Geplante Maßnahmen werden den Anwohnern durch die Presse, Handzettel oder auf der, von der Stadt eingerichteten Webseite, www.hamburg.de/sofortmassnahmen bekannt gegeben. Wenn jedoch unverändert so viele Schutz suchende Menschen nach Hamburg kommen, so Graupner, "bleibt die Unterbringungssituation angespannt". Das wichtigste Ziel sei es, "Obdachlosigkeit zu vermeiden".

Angefeuert wird der Widerstand auch durch erfolgreiche Klagen in der Vergangenheit. Denn bereits im Frühjahr musste der Bau eines Flüchtlingswohnheims im noblen Hamburger Stadtteil Harvestehude zunächst gestoppt werden. Als Begründung für die Klage wurde angegeben, dass die Planung und Größe der Unterkunft unangebracht sei. Erst nachdem die Stadt bereit war, die Zahl der dort untergebrachten Flüchtlinge von 220 auf 180 zu senken, lenkten die Anwohner ein.
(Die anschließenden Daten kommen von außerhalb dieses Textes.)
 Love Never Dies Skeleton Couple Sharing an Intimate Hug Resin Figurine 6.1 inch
Harvestehuder Weg, Hamburg. Bild: MeiBo/CC BY-SA 3.0

Interviews, die in Harvestehude auf der Straße mit Anwohnern geführt wurden, legen jedoch eine anderen Begründung für die Ablehnung nahe. So sagte ein befragter Anwohner in einem Fernsehinterview, dass diese Menschen wohl nicht die richtige Etikette hätten und eine weitere Person machte sich große Sorgen darüber, dass die Flüchtlinge nicht über ausreichend Geldmittel verfügen würden, um in den örtlichen Läden einkaufen zu können.

Wie es in der Hansestadt mit der Unterbringung der Flüchtlinge grundsätzlich weitergehen soll, ist fraglich. Derzeit hat es den Anschein, dass der Senat nur noch auf die Situation reagieren kann. Angesichts der Zahlen sicherlich verständlich. Eine Dauerlösung bieten die neu aufgestellten Container jedoch nicht. Über kurz oder lang müssen in der Hansestadt neue Wohnungen errichtet werden.
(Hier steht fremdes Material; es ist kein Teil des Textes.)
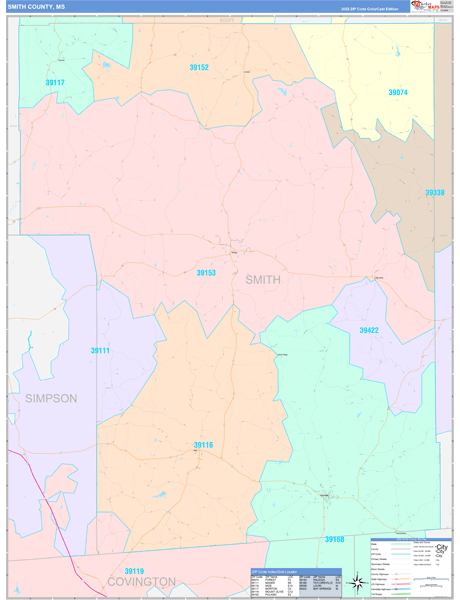 Smith County, MS Zip Code Map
Ob die derzeit angepeilten jährlichen 6.000 neuen Wohnungen ausreichen werden, kann derzeit niemand abschätzen. Geplant waren diese eigentlich, um den angespannten Wohnungsmarkt zu entlasten. 80.000 Wohnungen sollen offiziell bis 2020 entstehen. Der Zustrom der Flüchtlinge könnte diese Planung erheblich durcheinander bringen.